- Born: March 13, 1905 Havana, Cuba
- Died: December 24, 1992 (aged 87) Havana, Cuba
- Occupation: Artist

= Enrique Caravia Montenegro =

Cuban artist (1905–1992)

Enrique Caravia Montenegro (born March 13, 1905, in Havana, Cuba; died December 24, 1992, in Havana) was a Cuban artist.

==Education==
In the 1920s he studied in the Arts and Trades School, Sociedad Amigos del País Villate Academy Escuela de Bellas Artes de San Alejandro in Havana. Later, he continued his education at Escuela de Bellas Artes in Rome, Italy.

==Individual exhibitions==
Among his solo exhibitions was one in 1933 at the Lyceum of Havana. In 1987 his Grabados de Enrique Caravia Montenegro exhibit was displayed at the Museo Histórico de Plaza, Havana. In 1990 his work was exhibited in the transitory room at Escuela de Artes Plásticas San Alejandro, Havana, Cuba.

==Collective exhibitions==
One of his collective exhibitions was "Primer Salón de Humoristas" in 1921 at the Academia de Ciencias de Cuba, Havana. In 1951, he participated in the first Bienal Hispanoamericana de Arte de Madrid and in "Exposición Bienal Hispano Americana de Arte" at the Instituto Cultural Cubano Español, Havana.
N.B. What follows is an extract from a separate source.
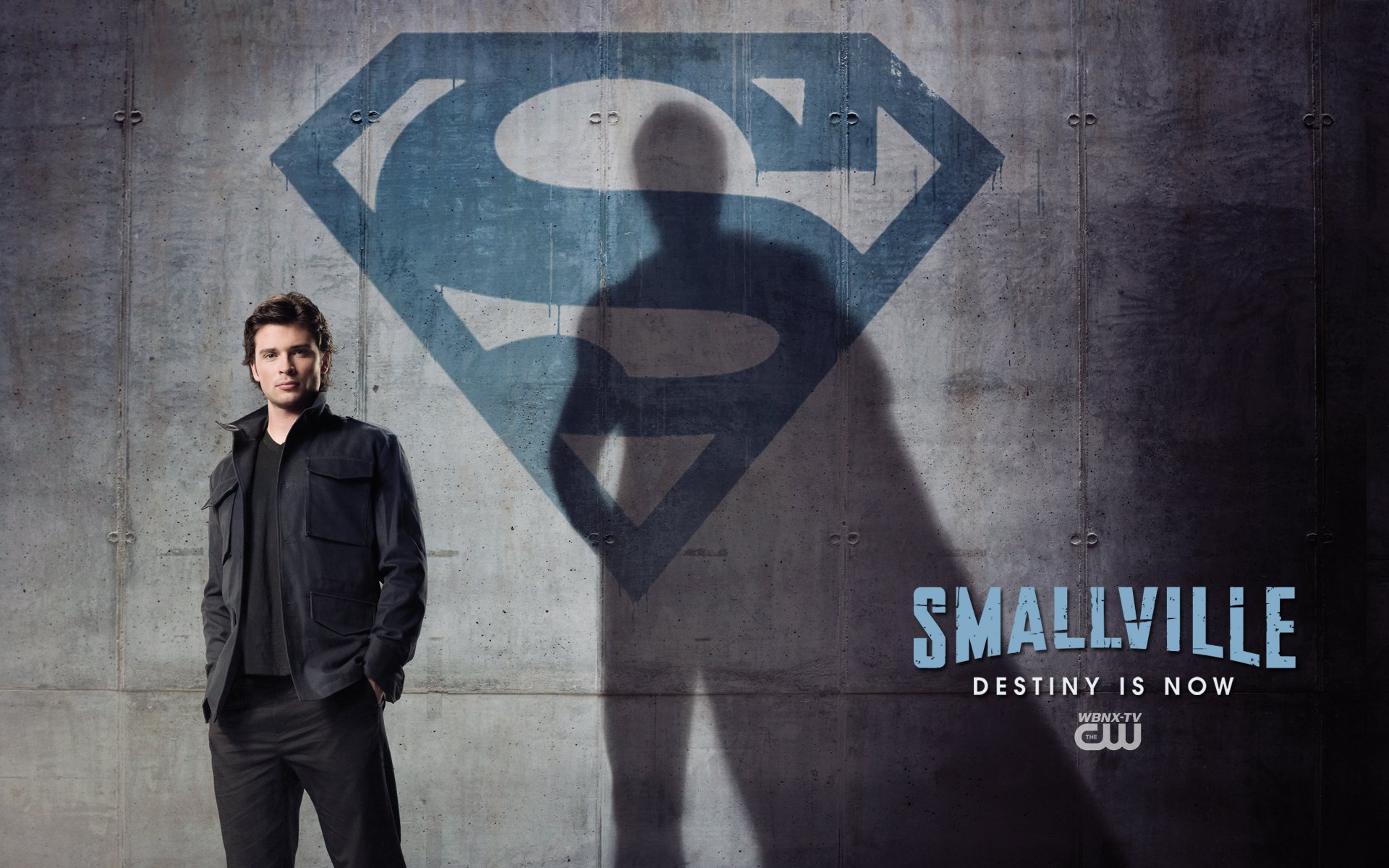 tv series smallville s family sign tom welling clark kent spot hero superman brur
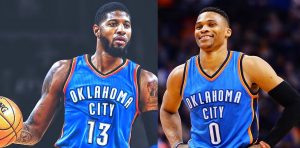 NBA – Russell Westbrook et Paul George se sont entraînés ensemble pour la première fois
In 1954, he presented some works in the second Bienal Hispanoamericana de Arte at the Museo Nacional de Bellas Artes, Havana and in 1996 Estampas cubanas de tres siglos was shown at the Museo Nacional de Colombia, Bogotá and at the Salón Avianca, Barranquilla, Colombia.

==Awards==
One of his most important awards was a first prize at the 1929 Exposición Iberoamericana de Sevilla, Spain. In 1936, he won the silver medal at the XVIII Salón de Bellas Artes, Círculo de Bellas Artes, Havana and in 1939, he won the bronze medal at the XXI Salón de Bellas Artes. In 1944, he won the gold medal at the XXVI Salón de Bellas Artes, Círculo de Bellas Artes in Havana, and in 1955 Golden medal at the XXXVII Salón de Bellas Artes, Círculo de Bellas Artes.

==Collections==
His work is included in collections at the National Archive, Havana; International Business Machines Corporation, USA; Museo de Ciencias Carlos Juan Finlay, Havana; Museo de la Ciudad, Palacio de los Capitanes Generales, Havana; and the Museo Nacional de Bellas Artes de La Habana.